The Germans have some interesting words that encompass deep philosopical ideas. The ones that spring easily to my mind are Weltanschauung (“a comprehensive conception or image of the universe and of humanity’s relation to it“); and Weltschmertz (“Sorrow or sadness over the present or future evils or woes of the world in general; sentimental pessimism“).
It turns out that the East Germans invented yet another phrase that encompasses deep philosophical ideas. Although I don’t have the German word here, I know that it which translates into English as “preemptive obedience.” Amir Taheri explains what preemptive obedience is, and why it matters now, even though East Germany is long gone:
In Communist-ruled East Germany, they had a term for it: pre-emptive obedience. This meant guessing the future orders of the politburo and obeying them before they were issued. East Germany was thrown into the dustbin of history a long time ago. However, “pre-emptive obedience” is making a comeback in re-unified Germany and several other European countries.

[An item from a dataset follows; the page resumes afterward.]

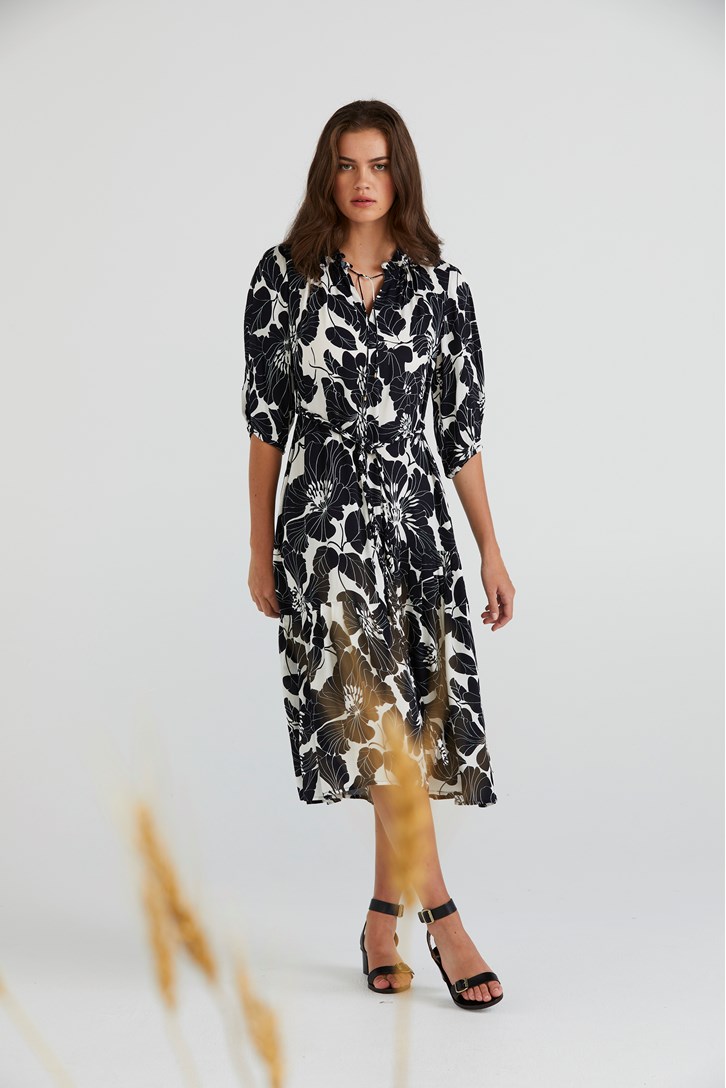 PLAZA DRESS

It was based on “pre-emptive obedience” that the German Opera in Berlin decided to cancel its production of Mozart’s Idomeneo after the managers decided that it might anger Muslims. The opera had already been shown in 2003 without incident and no Muslim group had called for it to be withdrawn. Thus, the managers were obeying orders that had not been issued.
A few days after the Idomeneo scandal it was the turn of French philosopher Robert Redecker to do a bit of “pre-emptive obedience” by going into hiding after publishing a newspaper column that some of his friends feared might anger Muslims. The fact is that quite a few Muslim writers have published essays more daring than Redecker’s without going into hiding under police protection, thus resisting “pre-emptive obedience” of orders that might come from “Islamofascist” groups.
“Pre-emptive obedience” was also at work when the Whitechapel Art Gallery, one of London’s major art exhibition venues, decided to withdraw a number of paintings by the surrealist Hans Bellmer. The reason? The management decided that the erotic paintings might “hurt the sensibilities of the Muslim community” which is strongly present in London’s East End of which Whitechapel is a part. Again, no Muslim had seen the paintings or would have been able to interpret them as “an erotic assault on the Quran”, let alone demand that they be withdrawn.
Read here as Tahiri gives myriad other examples of European fear-driven self-censorship, and what that means for the world as we know it.
Taheri’s article has special resonance for me today for two reasons. The first is personal and the second, which I by coincidence appears in today’s news, precisely illustrates Taheri’s thesis.
The first reason I care about the fact that Europe is racing to delete its identity is that we’re trying to plan a December vacation. Mr. Bookworm is pushing for Europe, especially London and Paris, because of the cheap flights. I’m loath to go there, though. I’m so sickened by the way those countries have become actively and passively Islamicized that I don’t want to go there at all. I’d prefer to remember England as English, rather than be exposed to “Londonistan,” as Melanie Phillips so accurately calls it. Nor do I want my money to support these economies. I really hate the idea of giving money to France, the same country that treated Yassar Arafat’s death as a national tragedy.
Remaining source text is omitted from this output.